La gratuité est-elle un mauvais argument pour les logiciels libres et l’open source ?

mercredi 8 septembre 2010

Mais nier cette gratuité ou plutôt cette absence de coût de licence semble dans les faits difficile. Rares sont aujourd’hui les éditeurs qui tentent de vendre des logiciels sous licence libre. Pourtant, c’est une pratique que rien n’interdit.

Finalement, on pourrait se dire que donner le logiciel et vendre du support ou vendre le logiciel support compris c’est la même chose. Mais peut-être pas ?

A trop vouloir mettre en avant cette gratuité, n’y-a-t-il pas un risque de se “tirer une balle dans le pied” à long terme ?

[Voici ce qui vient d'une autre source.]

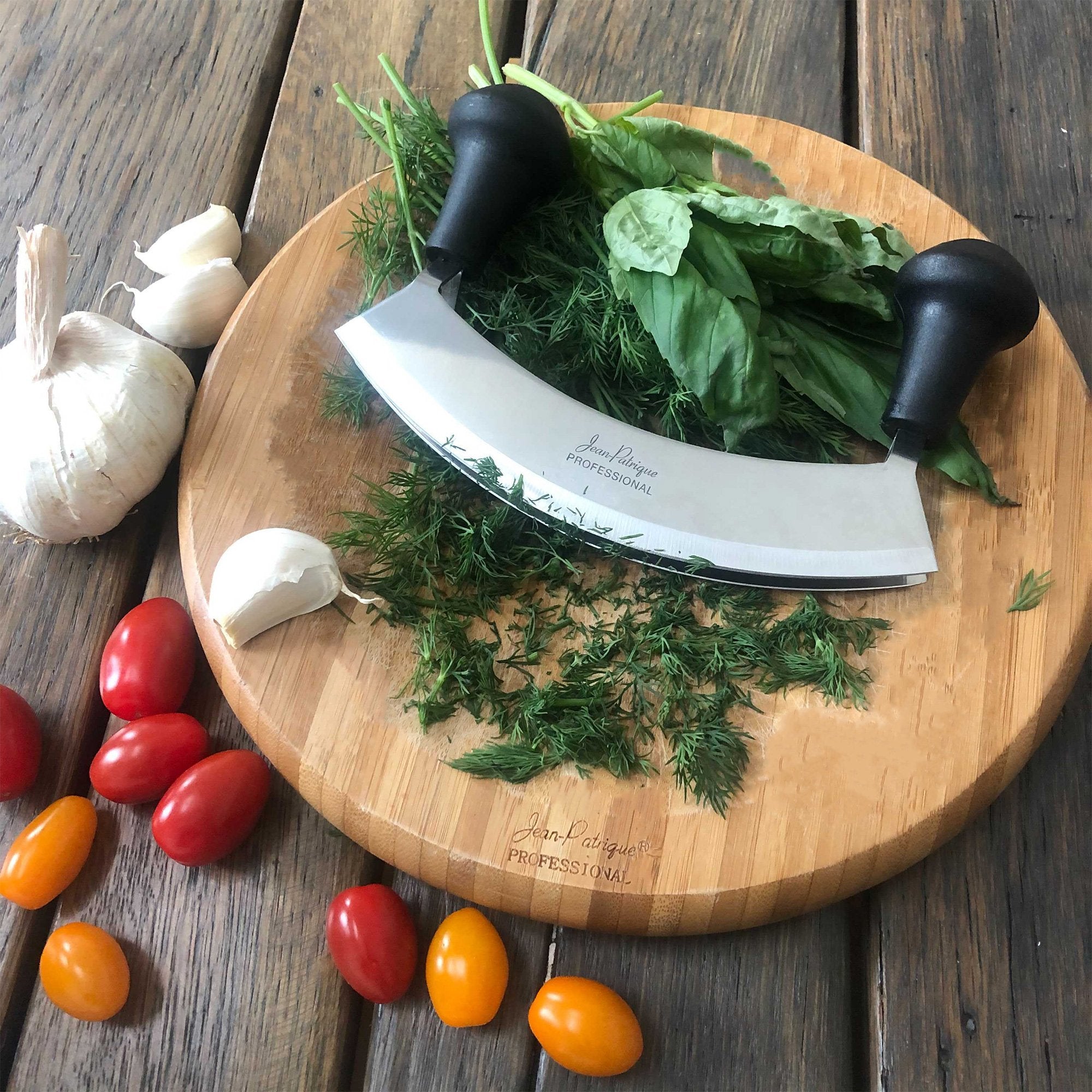 Jawanfu Salad Chopper, Double Balde, Ultra Sharp Mezzaluna Mincing Knife  for Chopped Salad, Easy Chopping Wood Handle Salad Cutter for Salad Bowl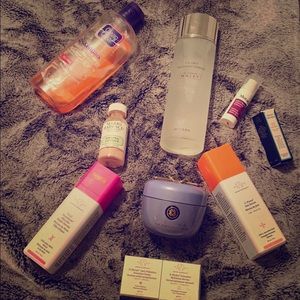 Skincare beauty box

Les avantages des logiciels libres et de l’open source sont nombreux. On peut citer entres autres : le respect de standards ouverts, la capacité à l’interopérabilité ou encore la flexibilité. Les arguments spécifiques ne manquent certes pas. En négligeant de mettre suffisamment en avant ces avantages et en privilégiant la gratuité, on finit d’entériner dans l’esprit collectif cette association.

Que peut-il se passer alors ? Les éditeurs de logiciels propriétaires ont déjà bien saisi cet argument de la gratuité et propose de plus en plus des versions “gratuites” de leur logiciel. Parfois, ces derniers sont trop bridés pour être réellement utilisables, mais pas toujours.

Ainsi des hébergeurs peuvent faire le choix aujourd’hui d’utiliser des solutions de virtualisations gratuites et propriétaires comme Esxi de Vmware. Des équipes de développement peuvent choisir d’utiliser Starteam Express, une solution de gestion de versions gratuite (jusqu’à 10 utilisateurs) qui n’hésite pas à annoncer : “Micro Focus lance StarTeam Express, nouvelle alternative aux solutions open source de gestion de configuration logicielle”.

Si demain les logiciels propriétaires deviennent gratuits, quels avantages restera-t-il aux logiciels libres et à l’open source dans l”esprit des utilisateurs ? Peut-être aucun et peut-être sera-t-on revenu à la case zéro.